Plus la compétition s’élargit, plus elle s’étire. En 2027, en Australie, la Coupe du monde masculine passera à 24 équipes. Elle se jouera du 1er octobre au 13 novembre 2027, soit 44 jours également, pour un total de 52 matchs répartis dans 7 villes et 8 stades. La densité augmente, avec des 8es de finale, mais la durée reste maîtrisée pour préserver les joueurs.

Un format qui a évolué depuis 1987

Le contraste est frappant avec les premières éditions. En 1991, organisée notamment au Royaume-Uni, en France et en Irlande, la compétition avait duré 31 jours. Même durée en 1995 en Afrique du Sud. Ce n’est qu’à partir de 1999 (37 jours) puis surtout 2003 (44 jours) que le tournoi a pris sa dimension moderne.

La montée en puissance du professionnalisme, l’augmentation des matchs télévisés et l’importance accrue de la récupération ont progressivement allongé le calendrier. Aujourd’hui, on parle d’un véritable marathon de presque un mois et demi.

Et chez les femmes ?

La Coupe du monde féminine a connu une évolution encore plus spectaculaire. Les premières éditions étaient concentrées sur moins de deux semaines : 9 jours en 1991 au Pays de Galles, 14 jours en 1994 en Écosse.

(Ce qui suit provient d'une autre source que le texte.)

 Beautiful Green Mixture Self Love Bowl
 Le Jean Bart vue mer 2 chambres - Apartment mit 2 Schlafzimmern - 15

Mais la tendance est clairement à l’allongement. L’édition 2021 (disputée en 2022) en Nouvelle-Zélande a duré 36 jours. Celle de 2025 en Angleterre a duré 37 jours. Là aussi, la professionnalisation et l’élargissement du tournoi expliquent cette extension.

Qu'est-ce que ça change pour les équipes ?

Six à sept semaines, c’est long. Très long. Cela signifie gérer les blessures, la fraîcheur mentale, la rotation et la pression médiatique. Une équipe qui vise le titre doit être capable d’enchaîner les matchs de très haut niveau, parfois sous des climats différents.

La durée influence aussi la stratégie. Certains staffs ciblent des pics de forme progressifs, d’autres cherchent à monter en puissance dès les phases finales. Sur un tournoi aussi étalé, la gestion devient aussi importante que le talent.

En résumé, une Coupe du monde moderne dure environ 44 jours. Un mois et demi d’adrénaline, de suspense et d’histoire. Et quand on y pense, pour les supporters comme pour les joueurs, c’est à la fois interminable… et toujours trop court.